Problem description: Below are entries. Reproduce exactly the lines between the line holding "Mossimo Mossimo Jeans" and the line holding "Braintree, MA 02184,14 Royal Lake Drive #6", inclusive, and only those.

Data:
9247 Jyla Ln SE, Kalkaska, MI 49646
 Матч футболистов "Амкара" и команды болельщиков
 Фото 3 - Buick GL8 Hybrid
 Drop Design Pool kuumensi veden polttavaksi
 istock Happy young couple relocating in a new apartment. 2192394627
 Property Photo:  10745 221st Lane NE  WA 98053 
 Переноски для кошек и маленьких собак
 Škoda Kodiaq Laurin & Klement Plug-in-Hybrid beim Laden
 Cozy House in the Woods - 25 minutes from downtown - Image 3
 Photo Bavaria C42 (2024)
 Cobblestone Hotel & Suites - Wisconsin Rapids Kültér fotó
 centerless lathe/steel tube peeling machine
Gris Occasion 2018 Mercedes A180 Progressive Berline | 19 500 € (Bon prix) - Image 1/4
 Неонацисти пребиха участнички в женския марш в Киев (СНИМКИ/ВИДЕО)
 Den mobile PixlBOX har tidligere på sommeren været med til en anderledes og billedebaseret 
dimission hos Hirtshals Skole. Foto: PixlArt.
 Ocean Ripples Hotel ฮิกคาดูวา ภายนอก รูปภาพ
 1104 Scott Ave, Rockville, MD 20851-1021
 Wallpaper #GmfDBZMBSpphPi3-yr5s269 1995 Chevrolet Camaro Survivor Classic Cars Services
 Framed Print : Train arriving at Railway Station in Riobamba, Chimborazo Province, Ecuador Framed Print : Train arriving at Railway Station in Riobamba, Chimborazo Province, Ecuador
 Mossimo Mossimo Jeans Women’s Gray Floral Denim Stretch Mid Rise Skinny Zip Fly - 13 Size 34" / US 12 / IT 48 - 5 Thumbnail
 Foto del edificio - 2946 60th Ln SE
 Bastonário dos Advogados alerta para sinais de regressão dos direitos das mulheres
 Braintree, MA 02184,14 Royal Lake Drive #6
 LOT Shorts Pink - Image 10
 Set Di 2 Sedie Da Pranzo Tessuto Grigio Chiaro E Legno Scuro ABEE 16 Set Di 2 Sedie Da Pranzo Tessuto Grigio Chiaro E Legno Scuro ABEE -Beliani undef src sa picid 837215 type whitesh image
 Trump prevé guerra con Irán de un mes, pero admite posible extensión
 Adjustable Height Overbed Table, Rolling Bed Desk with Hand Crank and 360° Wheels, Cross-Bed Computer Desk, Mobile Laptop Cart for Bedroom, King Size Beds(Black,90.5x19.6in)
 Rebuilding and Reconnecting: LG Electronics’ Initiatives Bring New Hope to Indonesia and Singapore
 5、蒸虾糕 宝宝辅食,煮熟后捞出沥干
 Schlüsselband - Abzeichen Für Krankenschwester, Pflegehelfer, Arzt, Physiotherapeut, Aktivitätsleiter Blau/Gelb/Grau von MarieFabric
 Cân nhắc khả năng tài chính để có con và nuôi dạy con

Output of the task:
 Mossimo Mossimo Jeans Women’s Gray Floral Denim Stretch Mid Rise Skinny Zip Fly - 13 Size 34" / US 12 / IT 48 - 5 Thumbnail
 Foto del edificio - 2946 60th Ln SE
 Bastonário dos Advogados alerta para sinais de regressão dos direitos das mulheres
 Braintree, MA 02184,14 Royal Lake Drive #6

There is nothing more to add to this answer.